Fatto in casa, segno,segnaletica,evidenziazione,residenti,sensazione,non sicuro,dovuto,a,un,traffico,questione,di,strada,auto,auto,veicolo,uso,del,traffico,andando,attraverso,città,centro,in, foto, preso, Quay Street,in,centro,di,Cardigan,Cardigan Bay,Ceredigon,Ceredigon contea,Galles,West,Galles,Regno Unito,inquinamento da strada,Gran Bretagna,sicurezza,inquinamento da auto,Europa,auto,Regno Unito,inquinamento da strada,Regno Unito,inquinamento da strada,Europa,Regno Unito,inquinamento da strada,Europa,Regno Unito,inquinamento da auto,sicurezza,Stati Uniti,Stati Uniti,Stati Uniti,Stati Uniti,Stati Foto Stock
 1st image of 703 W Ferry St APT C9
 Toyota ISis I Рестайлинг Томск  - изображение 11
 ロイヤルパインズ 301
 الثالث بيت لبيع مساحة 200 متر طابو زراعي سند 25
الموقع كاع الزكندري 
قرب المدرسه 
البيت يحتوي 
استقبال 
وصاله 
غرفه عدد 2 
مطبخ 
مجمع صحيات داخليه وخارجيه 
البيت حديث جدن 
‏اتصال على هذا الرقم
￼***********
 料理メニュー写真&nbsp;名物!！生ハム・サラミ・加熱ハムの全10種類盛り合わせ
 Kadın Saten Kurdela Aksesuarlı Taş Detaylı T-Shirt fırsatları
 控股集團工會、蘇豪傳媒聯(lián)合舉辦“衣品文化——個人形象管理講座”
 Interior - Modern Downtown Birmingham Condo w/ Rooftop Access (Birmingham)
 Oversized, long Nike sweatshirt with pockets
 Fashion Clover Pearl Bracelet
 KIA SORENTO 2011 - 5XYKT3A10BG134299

_Problem statement_:
Nothing may be altered when you restate the records, but every picture must be dropped.

_Solution for this problem_:
Fatto in casa, segno,segnaletica,evidenziazione,residenti,sensazione,non sicuro,dovuto,a,un,traffico,questione,di,strada,auto,auto,veicolo,uso,del,traffico,andando,attraverso,città,centro,in, foto, preso, Quay Street,in,centro,di,Cardigan,Cardigan Bay,Ceredigon,Ceredigon contea,Galles,West,Galles,Regno Unito,inquinamento da strada,Gran Bretagna,sicurezza,inquinamento da auto,Europa,auto,Regno Unito,inquinamento da strada,Regno Unito,inquinamento da strada,Europa,Regno Unito,inquinamento da strada,Europa,Regno Unito,inquinamento da auto,sicurezza,Stati Uniti,Stati Uniti,Stati Uniti,Stati Uniti,Stati Foto Stock
 1st image of 703 W Ferry St APT C9
 Toyota ISis I Рестайлинг Томск  - изображение 11
 ロイヤルパインズ 301
 الثالث بيت لبيع مساحة 200 متر طابو زراعي سند 25
الموقع كاع الزكندري 
قرب المدرسه 
البيت يحتوي 
استقبال 
وصاله 
غرفه عدد 2 
مطبخ 
مجمع صحيات داخليه وخارجيه 
البيت حديث جدن 
‏اتصال على هذا الرقم
***********
 料理メニュー写真&nbsp;名物!！生ハム・サラミ・加熱ハムの全10種類盛り合わせ
 Kadın Saten Kurdela Aksesuarlı Taş Detaylı T-Shirt fırsatları
 控股集團工會、蘇豪傳媒聯(lián)合舉辦“衣品文化——個人形象管理講座”
 Interior - Modern Downtown Birmingham Condo w/ Rooftop Access (Birmingham)
 Oversized, long Nike sweatshirt with pockets
 Fashion Clover Pearl Bracelet
 KIA SORENTO 2011 - 5XYKT3A10BG134299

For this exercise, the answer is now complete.